We’ve had a look so far at the ways two people come together in the first blush of attraction. I’m not sure a computer will ever capture their path to full togetherness, but we do have a picture of their lives once they get there. That pattern of a couple together, the enmeshing of what’s come to be called their “social graphs,” is now well documented.
I have 384 friends on Facebook, and here they are. I’m the dot in the middle; my wife, Reshma, is in black at about three o’clock. Everyone’s connections to everyone else are shown by the gray lines:
Though the groups of my friends are nicely clustered, this plot wasn’t arranged by hand—my able research assistant, James Dowdell, wrote special software to create it. The dots come together based on their number of shared connections. Think of them as little bits of iron dust magnetized by the POWER OF FRIENDSHIP, and then dropped on a tabletop to settle into place. Even though I don’t use Facebook for much of anything besides the highly circular task of accepting Facebook friend requests, you can see all the sides of my life in there. My very tight-knit set of in-laws, as near to overlapping as the software would allow, is A; the people I went to high school with are B; my coworkers are C; my gamer friends, D. You can even read my once and future career as a musician in the graph. I spent years touring in a band, and those singleton dots all along the left perimeter are primarily people I met on the road. Their bond to one another is our music, invisible to algorithms.
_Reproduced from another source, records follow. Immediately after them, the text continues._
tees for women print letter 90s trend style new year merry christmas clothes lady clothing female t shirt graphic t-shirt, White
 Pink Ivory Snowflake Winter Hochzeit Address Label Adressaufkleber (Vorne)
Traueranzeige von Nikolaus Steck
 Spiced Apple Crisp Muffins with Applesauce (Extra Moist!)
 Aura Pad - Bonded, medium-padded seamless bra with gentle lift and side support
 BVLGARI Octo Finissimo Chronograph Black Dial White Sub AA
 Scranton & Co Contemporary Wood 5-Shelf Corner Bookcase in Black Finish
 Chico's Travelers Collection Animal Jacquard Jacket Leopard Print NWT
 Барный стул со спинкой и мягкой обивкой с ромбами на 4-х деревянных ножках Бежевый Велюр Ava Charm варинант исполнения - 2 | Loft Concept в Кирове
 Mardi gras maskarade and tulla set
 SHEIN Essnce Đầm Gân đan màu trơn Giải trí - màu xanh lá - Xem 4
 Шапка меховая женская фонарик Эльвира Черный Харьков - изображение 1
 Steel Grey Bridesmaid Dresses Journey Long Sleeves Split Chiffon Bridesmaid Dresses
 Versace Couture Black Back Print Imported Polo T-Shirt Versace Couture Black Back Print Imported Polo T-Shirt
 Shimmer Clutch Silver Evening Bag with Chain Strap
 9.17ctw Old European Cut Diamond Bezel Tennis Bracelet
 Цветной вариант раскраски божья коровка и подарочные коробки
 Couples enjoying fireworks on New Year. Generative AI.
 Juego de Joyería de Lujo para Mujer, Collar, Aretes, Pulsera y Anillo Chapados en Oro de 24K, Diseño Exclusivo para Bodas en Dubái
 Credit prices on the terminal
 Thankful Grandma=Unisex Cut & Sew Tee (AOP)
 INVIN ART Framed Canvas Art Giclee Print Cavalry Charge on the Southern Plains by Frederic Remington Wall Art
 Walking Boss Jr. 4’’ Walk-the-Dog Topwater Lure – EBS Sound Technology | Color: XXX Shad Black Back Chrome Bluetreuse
Let me expand the graph to include Reshma’s connections as well, to show the scope of our network as a couple. The connections we share, our mutual friends, are in dark red.
Though this might seem like a dry abstraction of a couple’s life together, a mutual plot like this tells you a tremendous amount about the bond between the two people it’s built around. From just the plot, the image alone, we can calculate that Reshma and I are much less likely than other couples to break up.
Network analysis, the study of dots and lines just like the patterns above, has been a science for almost three hundred years, and you can see something of the rise of data (from trickle to cataclysm) in its progress. The first network problem was a kind of rustic brainteaser, really an Enlightenment-era urban legend, that it was impossible to walk through the Prussian city of Königsberg by crossing each of its seven bridges once and only once. In 1735, Leonhard Euler, as geniuses will do, came along and reduced what had been a colloquial question of neighborhoods and footpaths to an abstraction of dots and lines (formally: nodes and edges), and in doing so, he proved with rigor that the legend was true. He expressed the town as a network, and a discipline was founded.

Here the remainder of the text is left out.